We tend to take the internet for granted as a tool for solidarity, not least when it comes to people seeking justice where union rights and other freedoms are repressed. In places where being seen to talk with a union organiser can cost your job, or worse, the net often provides a form of sanctuary where despite censorship and monitoring, people can still keep in touch and organise. Tens of thousands of unionists, through their own unions and as individuals engaged in campaigns, rely on the internet as a channel for global solidarity. Companies and governments alike know that abuses of labour rights are only a few keyboard clicks away from exposure and global pressure.
This is about to change for the worse if a group of countries, led by China, Saudi Arabia, Iran and the like, get their way at an obscure but vitally important meeting in Dubai this December.
They have managed to get the International Telecommunication Union (ITU), a UN body for technical standards for telephone and fax, to try and extend its powers to the internet.

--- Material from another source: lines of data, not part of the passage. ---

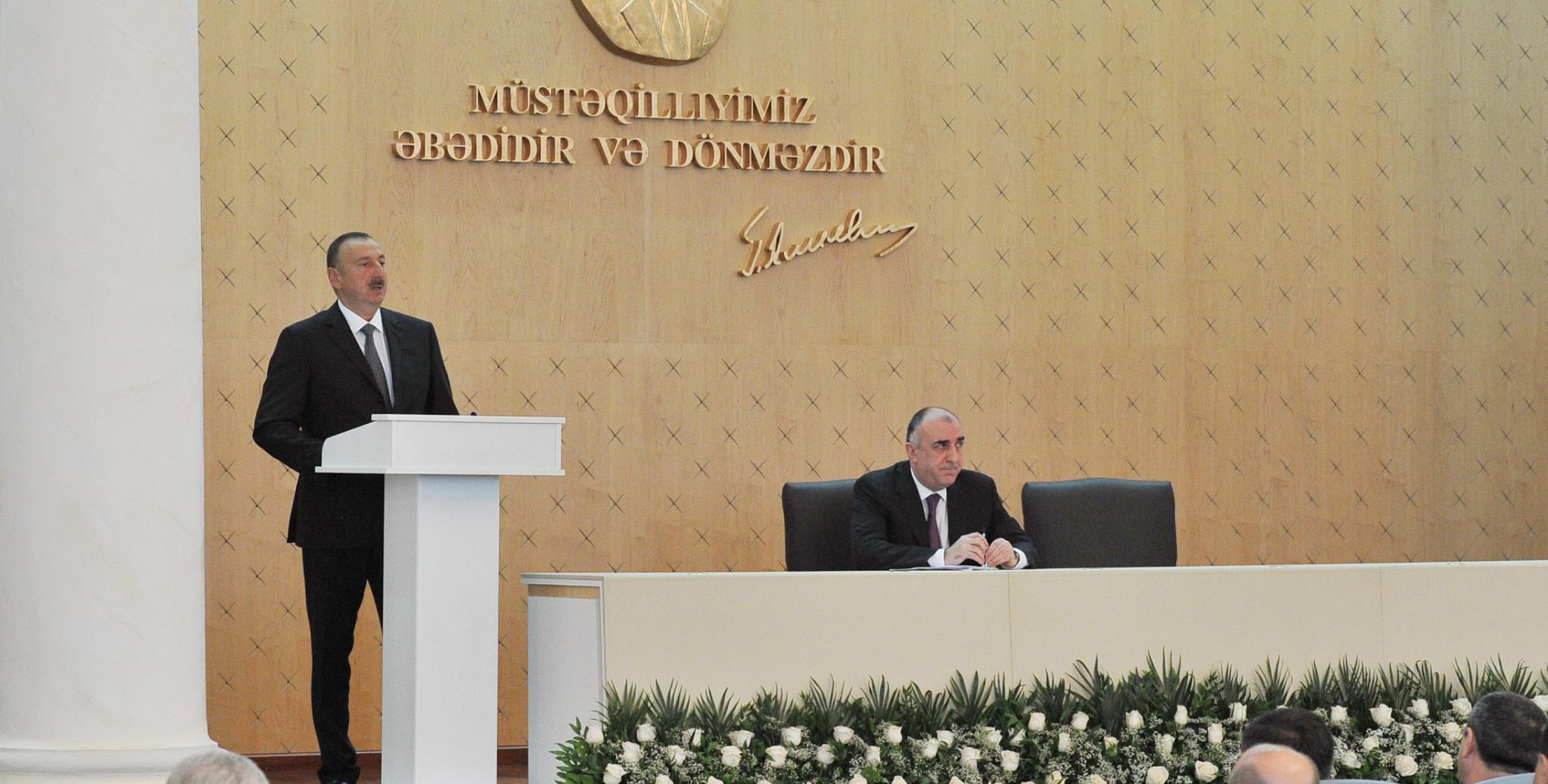 Речь Ильхама Алиева на пятом совещании руководителей органов дипломатической службы Азербайджана
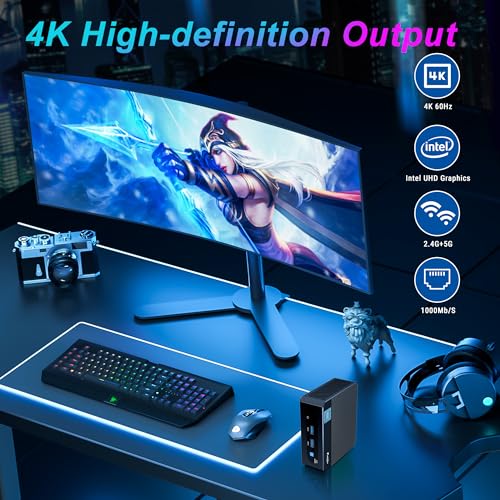 Fodenn Mini PC Windows 11 Pro,16GB RAM 512GB M.2 SSD, Intel 12th Alder Lake-N95(up to 3.4GHz), Mini Computers Desktop Support 2.5' SATA/Dual HDMI 4K/ 4 USB 3.2/ WiFi 5/ BT 4/ 1000M LAN for Home Office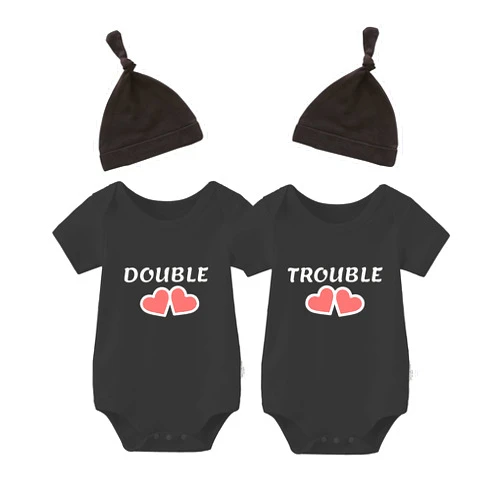 YSCULBUTOL Baby Twins Bodysuits Double Trouble Love Unisex Newborn Baby Cute Outfits Infant Romper With Hat Set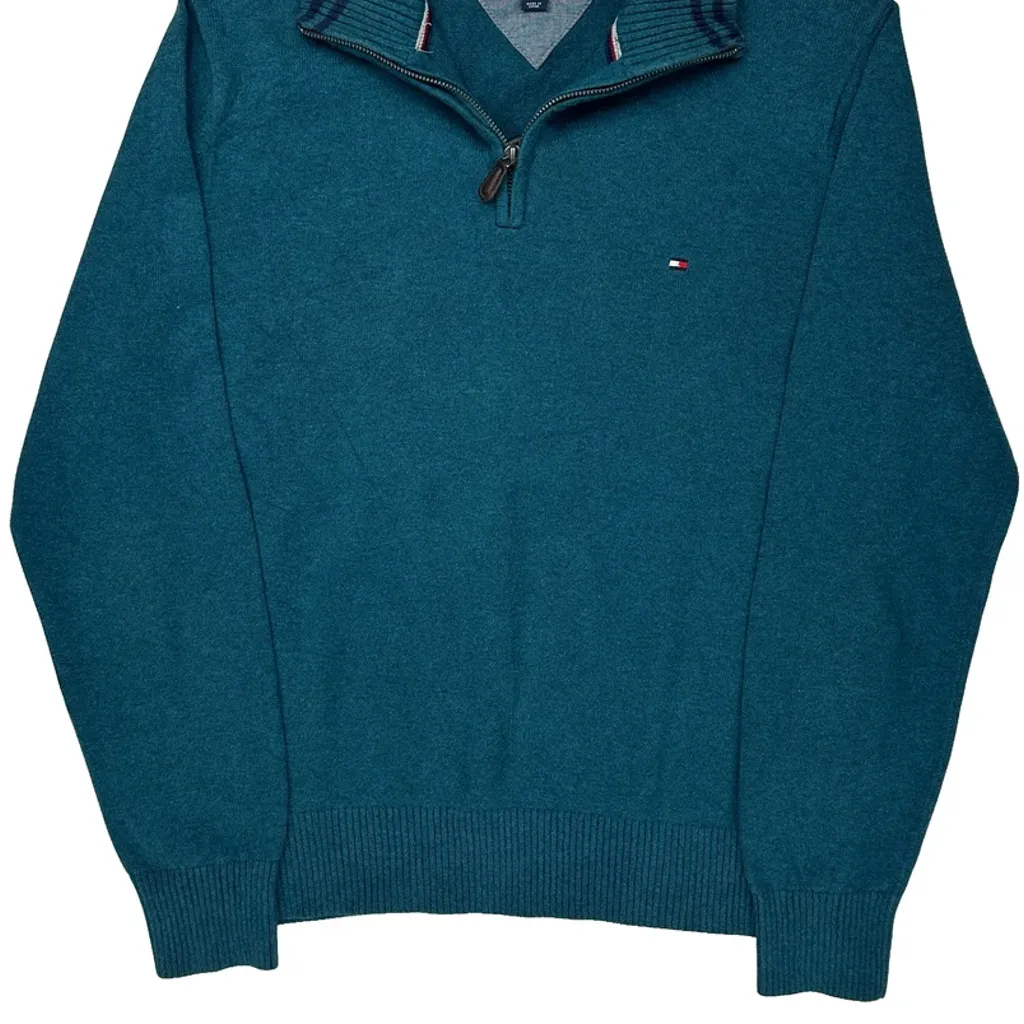 Tommy Hilfiger 1/4 Zip - Large Green Cotton Blend - Image 4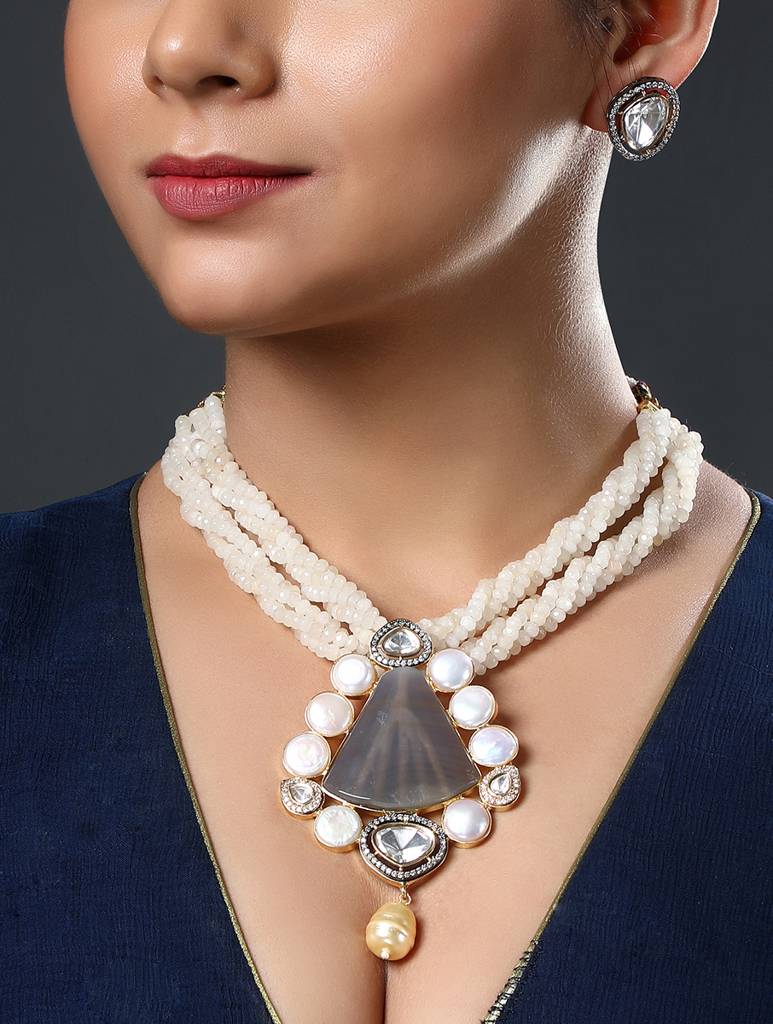 Gold Polished Brass Pearl Natural Stones Kundan Polki Statement Pendant Set : HRNS261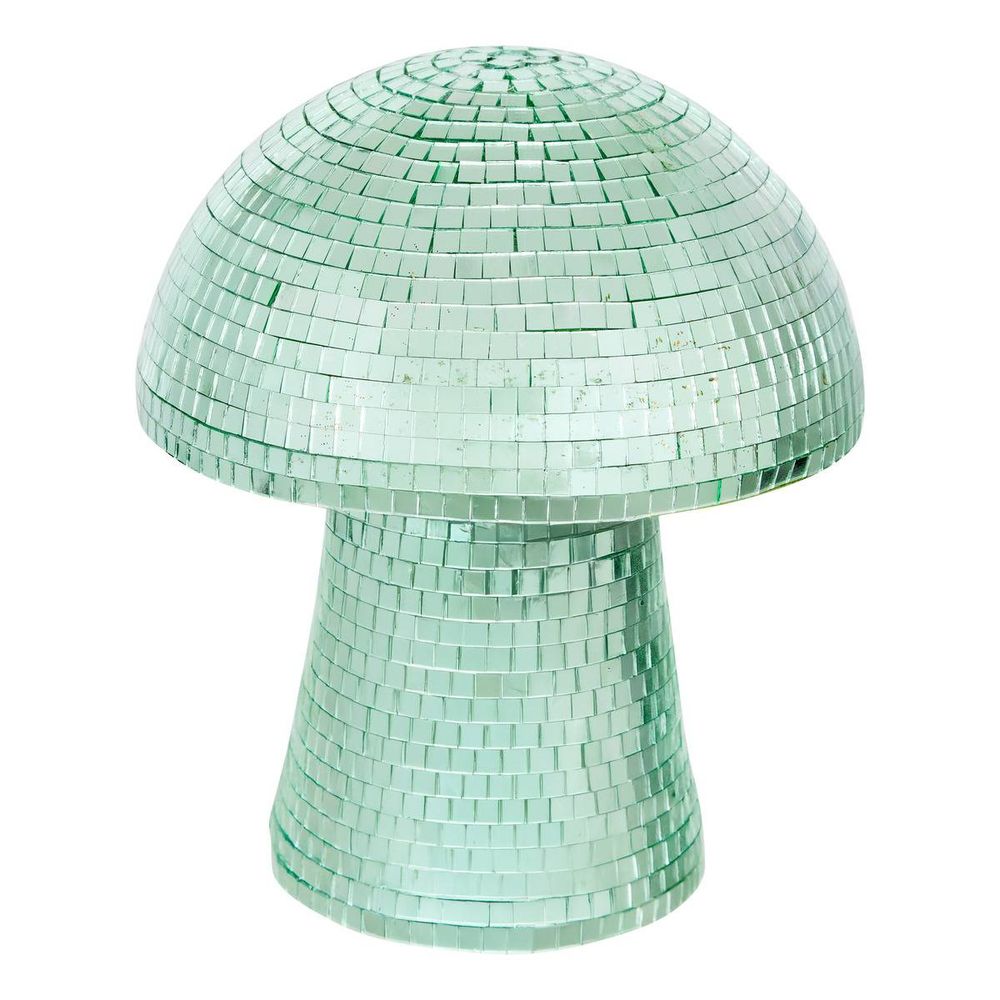 Champignon de noël disco rose et vert h. 18 cm
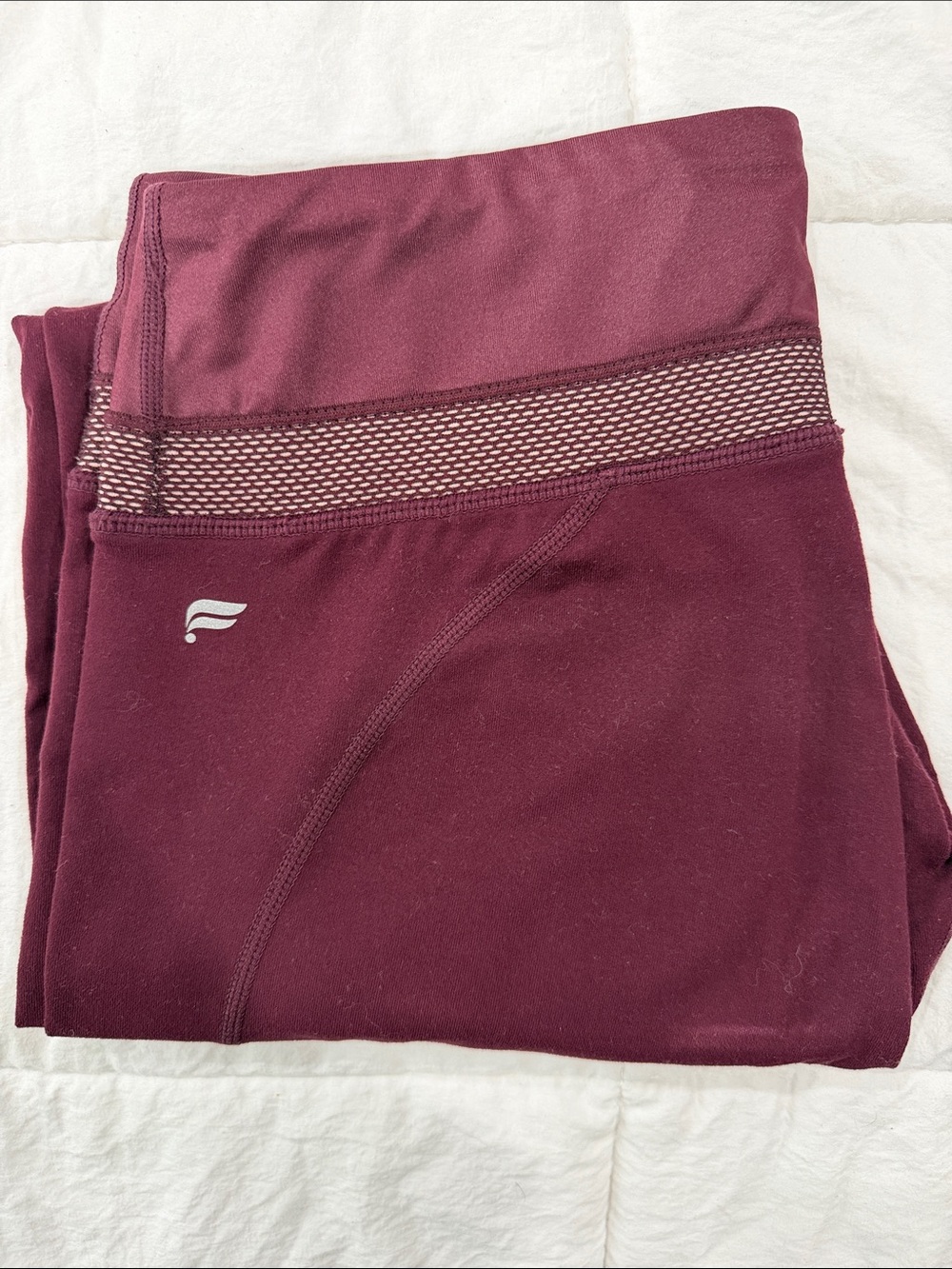 Fabletics Burgundy Mesh-Accent Leggings
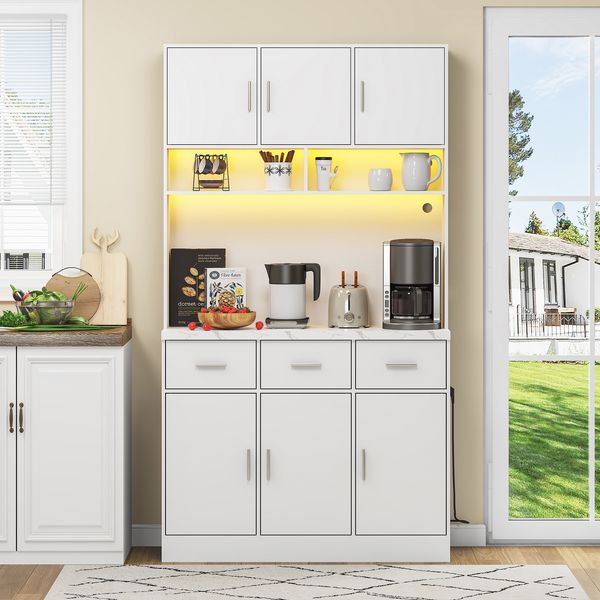 Küchenschrank mit LED-Beleuchtung, 100x40x180 cm, 3 Schubladen & USB-Anschluss, Weiß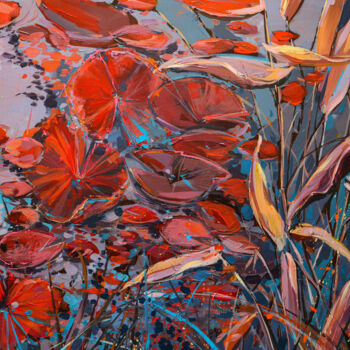 Painting titled "Red Water Lilies 3" by Irina Rumyantseva, Original Artwork, Acrylic
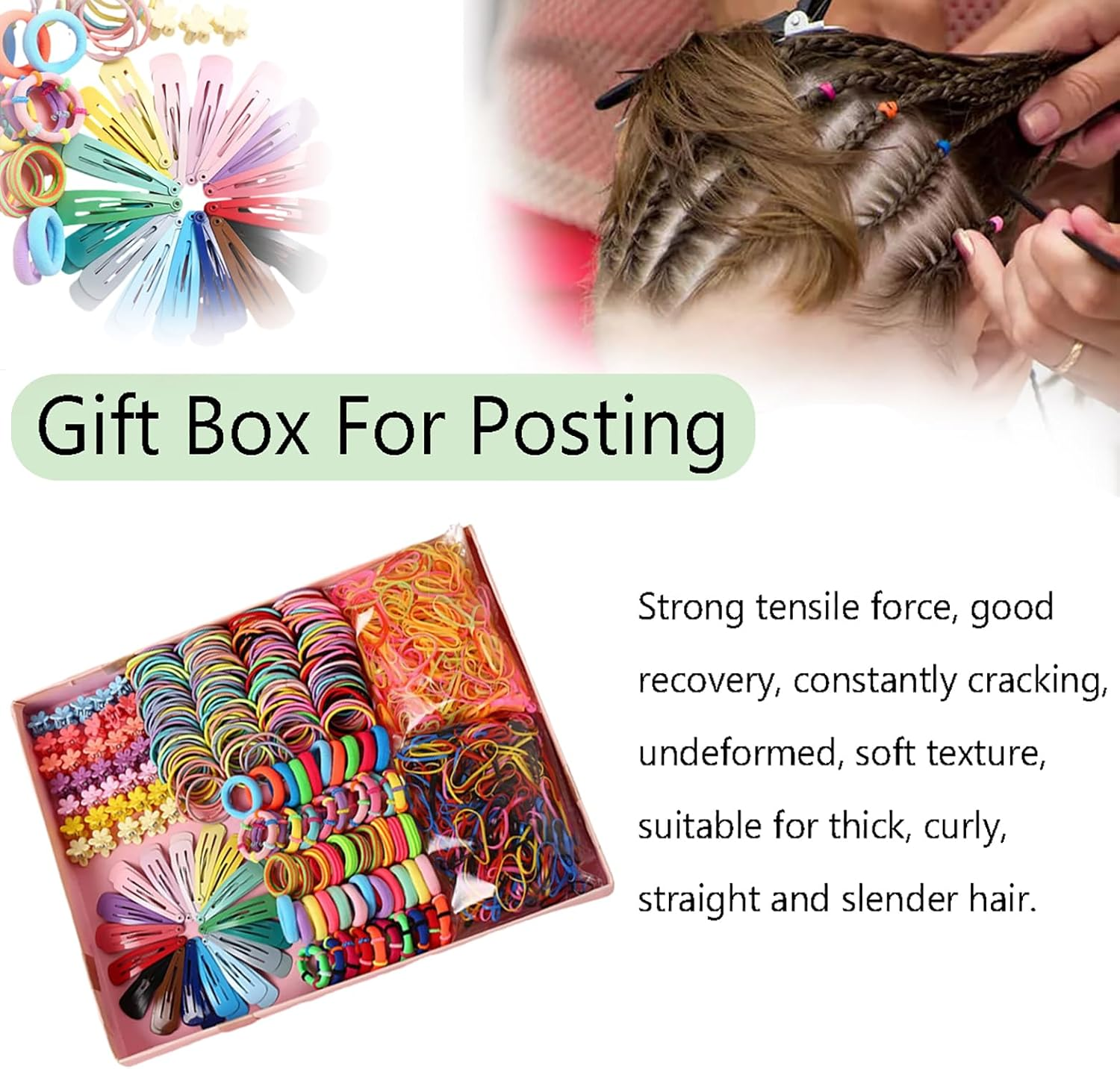 Colorful Hair Accessories Set for Girls & Women - Scrunchies, Clips, & Bands - Cute & Soft Ponytail Holders - Elastic Hairbands Kit image number 1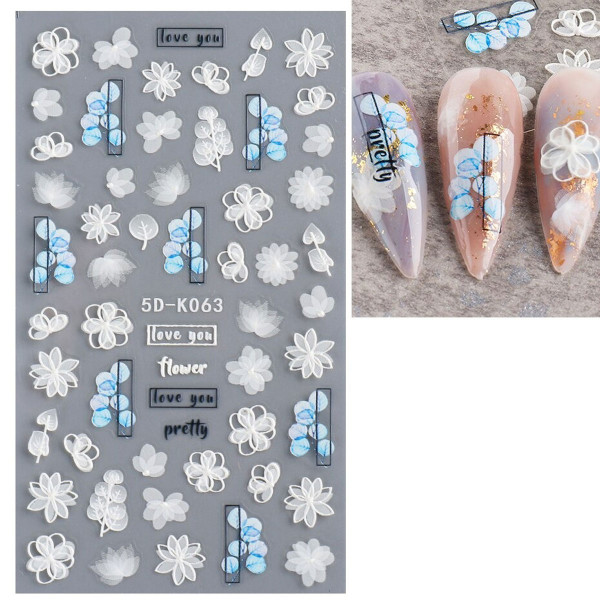 3D Nail Sticker Blume nailart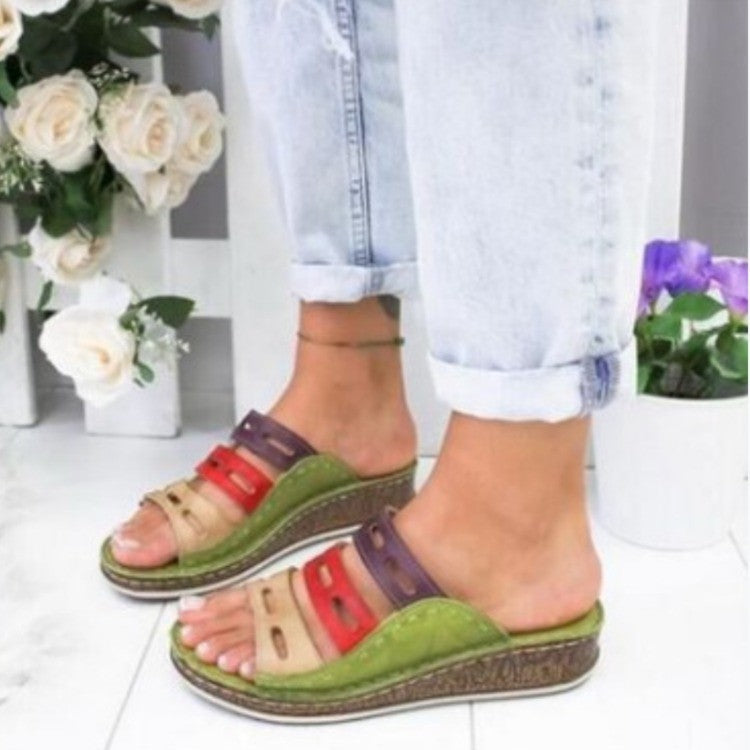 New Summer Women Sandals 3 Color Stitching Sandals Ladies Casual Shoes - ladieskits - 0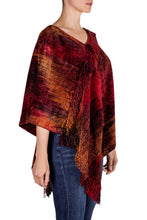 Load image into Gallery viewer, Hand Loomed Cotton Blend Poncho - Ruby Tradition | NOVICA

That could lead to some truly creepy language becoming international law.
Governments would have to ensure that the internet is used for ‘rational purposes’ whatever on earth that might mean. It would require that the internet not be used to ‘interfere in the internal affairs’ of countries, and would allow governments to require other countries to monitor internet traffic on their behalf. The net activism that underpinned the Arab Spring will be a whole lot harder if governments sleep-walk their way into accepting the ITU proposals.
And in a Dubai double-whammy, a group of telecoms companies, mostly from Europe, have got the ITU to back a new pricing model which would increase costs for users and slow down internet growth in poorer countries.
The whole process has been shrouded in secrecy, with the ITU only publishing its draft ‘International Telecommunication Regulations’ after outside pressure. Net-censorship governments are still blocking the ITU from publishing the extra changes they will be seeking in Dubai.
The evolution of the internet is a core issue for unions – as a space for democratic struggle, and because of its huge impacts on workers across all sectors. The international union movement is calling for an open and transparent process to examine these issues, one where workers actually have a voice and their unions can help shape changes. Bodies like the global Internet Governance Forum could provide a far better alternative than what is on the table (as far as anyone can tell) for Dubai.
The ITUC and Greenpeace have written jointly to UN Secretary General Ban Ki-moon to express concern, and many human rights and other civil society groups are deeply critical of the ITU proposals. And Equal Times has launched the “Stop the Net Grab” e-campaign to enable people to have their say.
Saudi Arabian bloggers will still spend as much time dodging the feared security apparatus as they do actually blogging on official corruption and criminality. The Great Firewall of China will likely stay in place for a while to come. But there is no way on earth that governments should allow the UN system to give legitimacy to the self-interest of repressive regimes, nor allow the launch of a gradual fragmentation of the internet.